• [Assignment]:
Print word for word whatever lies between the first line of the material and the line holding "Big reason button", both included, and omit all pictures.

• [Input data]:
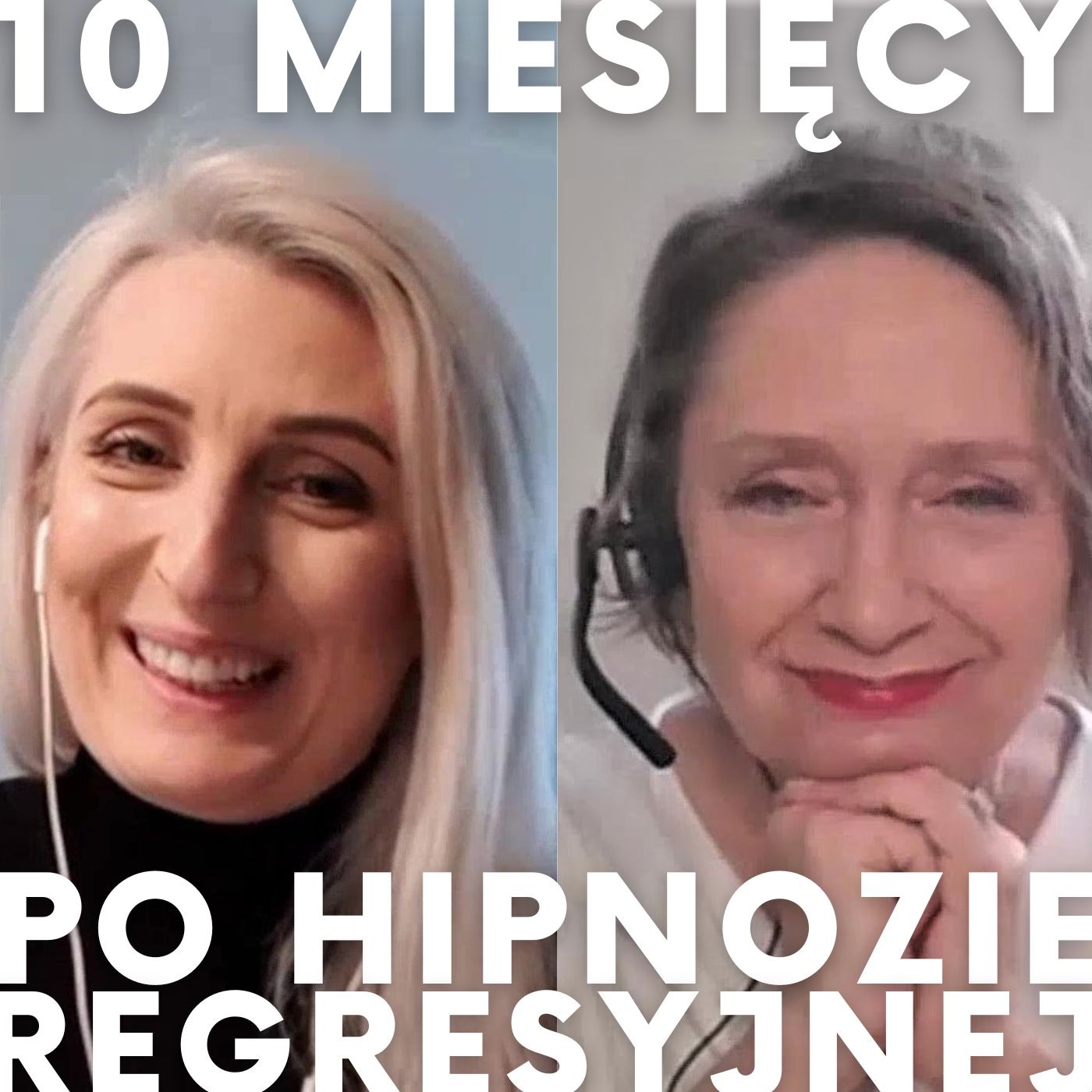 Dwie kobiety na podzielonym ekranie, po lewej blondynka uśmiechnięta z słuchawkami, po prawej brunetka z mikrofonem, ręce pod brodą, napis '10 miesięcy po hipnozie regresyjnej'.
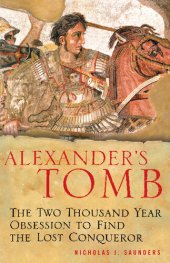 book Alexander's Tomb: The Two-Thousand Year Obsession to Find the Lost Conquerer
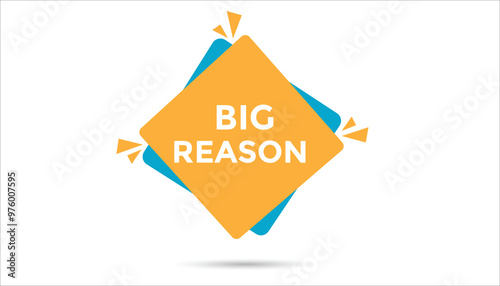 Big reason button web banner templates. Vector Illustration 
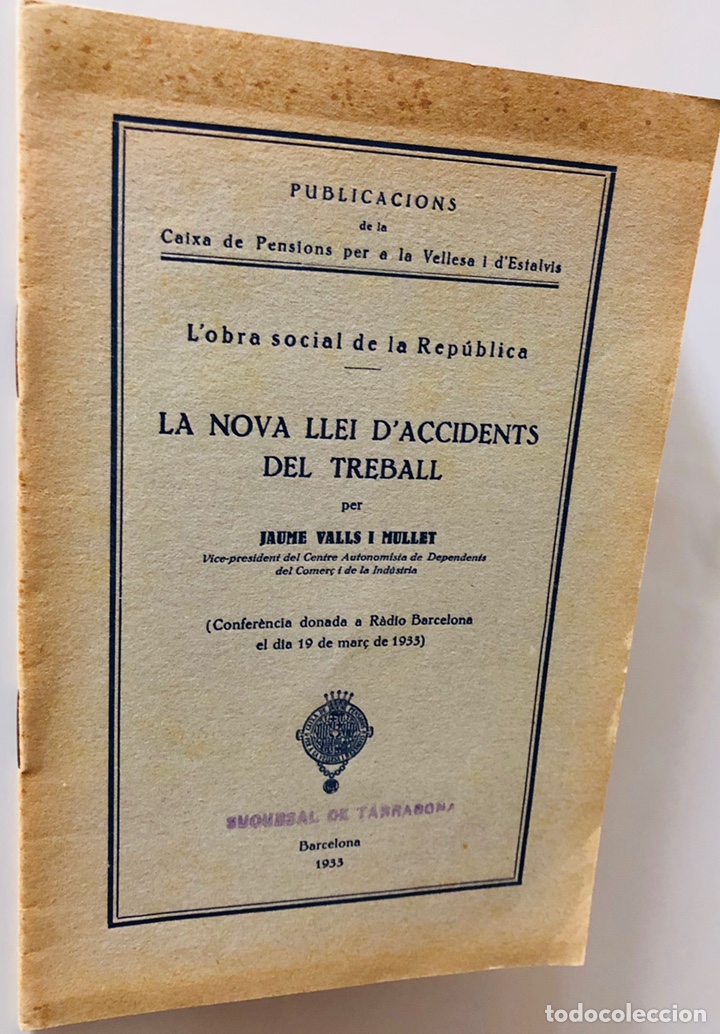 Second hand books: LA NOVA LLEI D&acute;ACCIDENTS DEL TREBALL &middot; JAUME VALLS I MULLET &middot;&middot; L&acute;OBRA SOCIAL DE LA REPUBLICA &middot;&middot; 1933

• [Task solution]:
 Dwie kobiety na podzielonym ekranie, po lewej blondynka uśmiechnięta z słuchawkami, po prawej brunetka z mikrofonem, ręce pod brodą, napis '10 miesięcy po hipnozie regresyjnej'.
 book Alexander's Tomb: The Two-Thousand Year Obsession to Find the Lost Conquerer
 Big reason button web banner templates. Vector Illustration 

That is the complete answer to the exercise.